**Exercise:**
Your output should be the line with "Filet de poisson" plus all following lines to the end of the records, exactly as written and nothing more.

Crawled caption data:
=== Begin Enclosure ===

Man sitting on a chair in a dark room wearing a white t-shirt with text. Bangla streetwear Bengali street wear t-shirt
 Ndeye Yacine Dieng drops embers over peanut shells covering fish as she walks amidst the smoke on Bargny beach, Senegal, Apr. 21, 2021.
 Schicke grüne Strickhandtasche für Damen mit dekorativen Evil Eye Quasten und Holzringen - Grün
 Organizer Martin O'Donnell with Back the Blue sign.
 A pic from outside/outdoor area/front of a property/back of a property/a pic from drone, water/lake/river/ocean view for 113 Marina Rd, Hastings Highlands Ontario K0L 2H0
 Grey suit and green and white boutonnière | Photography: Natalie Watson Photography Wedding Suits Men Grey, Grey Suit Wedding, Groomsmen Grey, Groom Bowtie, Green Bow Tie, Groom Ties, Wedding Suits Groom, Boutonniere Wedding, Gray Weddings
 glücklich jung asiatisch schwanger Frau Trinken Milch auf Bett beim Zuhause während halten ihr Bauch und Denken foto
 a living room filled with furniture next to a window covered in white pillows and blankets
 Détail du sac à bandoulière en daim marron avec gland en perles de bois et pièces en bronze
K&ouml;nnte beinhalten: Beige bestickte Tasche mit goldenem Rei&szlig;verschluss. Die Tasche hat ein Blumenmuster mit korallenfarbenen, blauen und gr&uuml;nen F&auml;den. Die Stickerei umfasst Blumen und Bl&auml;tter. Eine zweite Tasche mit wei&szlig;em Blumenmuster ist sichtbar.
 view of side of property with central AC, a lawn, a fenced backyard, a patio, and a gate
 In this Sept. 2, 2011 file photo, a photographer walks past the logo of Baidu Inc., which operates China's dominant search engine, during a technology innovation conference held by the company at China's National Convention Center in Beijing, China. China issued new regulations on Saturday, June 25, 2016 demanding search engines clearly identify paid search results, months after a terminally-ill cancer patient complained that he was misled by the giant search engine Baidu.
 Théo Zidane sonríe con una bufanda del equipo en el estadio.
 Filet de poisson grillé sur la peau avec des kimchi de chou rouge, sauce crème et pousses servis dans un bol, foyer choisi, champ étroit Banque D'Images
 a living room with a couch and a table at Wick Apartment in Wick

=== End Enclosure ===

**Finished task:**
 Filet de poisson grillé sur la peau avec des kimchi de chou rouge, sauce crème et pousses servis dans un bol, foyer choisi, champ étroit Banque D'Images
 a living room with a couch and a table at Wick Apartment in Wick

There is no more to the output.